Nicholas-Henri Zmelty defended a noted thesis (winner of the Orsay Museum Prize) on France’s ca. 1900 poster craze. Here, he looks at the mass-circulation illustrated press in France, investigating its strong links with prewar culture from the standpoint of heroic, erotic, and humorous representations.
Laurence Bertrand Dorléac
The Great War
Between 1914 and 1918, the French illustrated press gave to the War a highly uneven visibility. We propose to take a look at this form of mass production by analyzing it thematically and investigating its connections with prewar culture. The heroic, humorous, and erotic representations found in the press at the time the Great War are examined here through a study of drawings from the Supplément illustré du Petit Journal, Le Rire rouge, and Sourire de France. While their respective editorial lines did not preclude a mixing of genres, each of these three newspapers, taken individually, can be considered to be emblematic in its own way for the treatment of the issues of the patriotic heroism of soldiers, humor, and eroticism in time of war.
Expressions of Heroism in the Supplément illustré du Petit JournalThe Supplément illustré du Petit Journal stood out as one of the main vehicles for extolling the nobility of the French combatants . . . at the price of the most deceptive kinds of misrepresentations.

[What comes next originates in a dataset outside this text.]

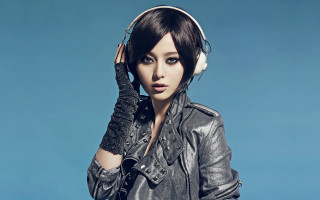 Woman headphones leather jacket posing - chen jiru free wallpaper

Its reasonable price (five centimes per issue) and its large weekly print runs (in the neighborhood of one million copies) made it the cheap, popular newspaper par excellence. Its wide circulation could not help but favor its having a major impact on people’s consciousnesses.

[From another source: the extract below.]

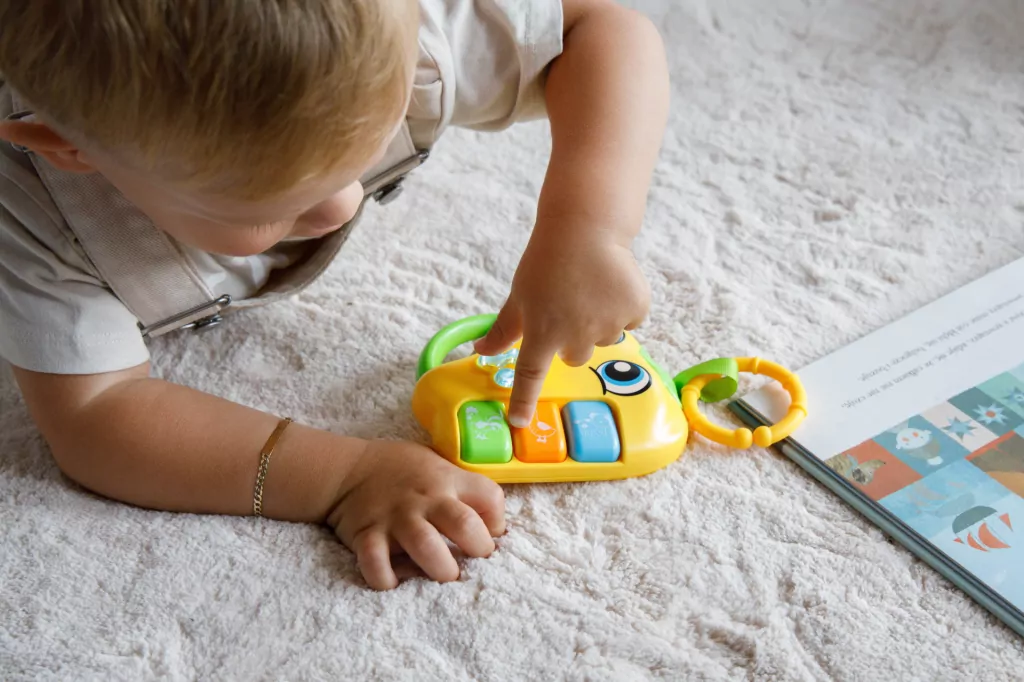 Lisciani Carotina Baby Grzechotka interaktywna Papriko - tantis.pl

For the entire duration of the War, its readers were overexposed to a multitude of images of the fighting that can be counted among the most stereotypical ones in the genre. The bayonet charge and hand-to-hand combat inspired many heroic scenes from Damblans, the near-exclusive illustrator for this paper during the first three years of the War, as well as from his collaborators and from his successors. Fantastical on more than one score given the new realities modern warfare had ushered in, these images fit into a tradition of offering representations that condition the expectations of readers-viewers. Indeed, what the gaze of 1914 clearly evinces is a strong familiarity with artworks and with other images in all genres that, prior to the War, had celebrated the valor of the Revolutionaries of 1792, of Napoleonic troops, and of the soldiers from the Franco-Prussian War of 1870-1871. The Great War could not help but boost production of representations of this kind. Completely unrealistic images, their sole purpose was to convince public opinion of the unfailing courage of the fighters on the front. The patterns of composition are often identical, the uprightness and striving power of the massed lines of French soldiers contrasting with the horizontality and shapeless collapse of the German troops. Numerous pictures of battle were able to serve as the standard, with Anne-Louis Girodet’s Revolt in Cairo (1810) being among the most graphic examples.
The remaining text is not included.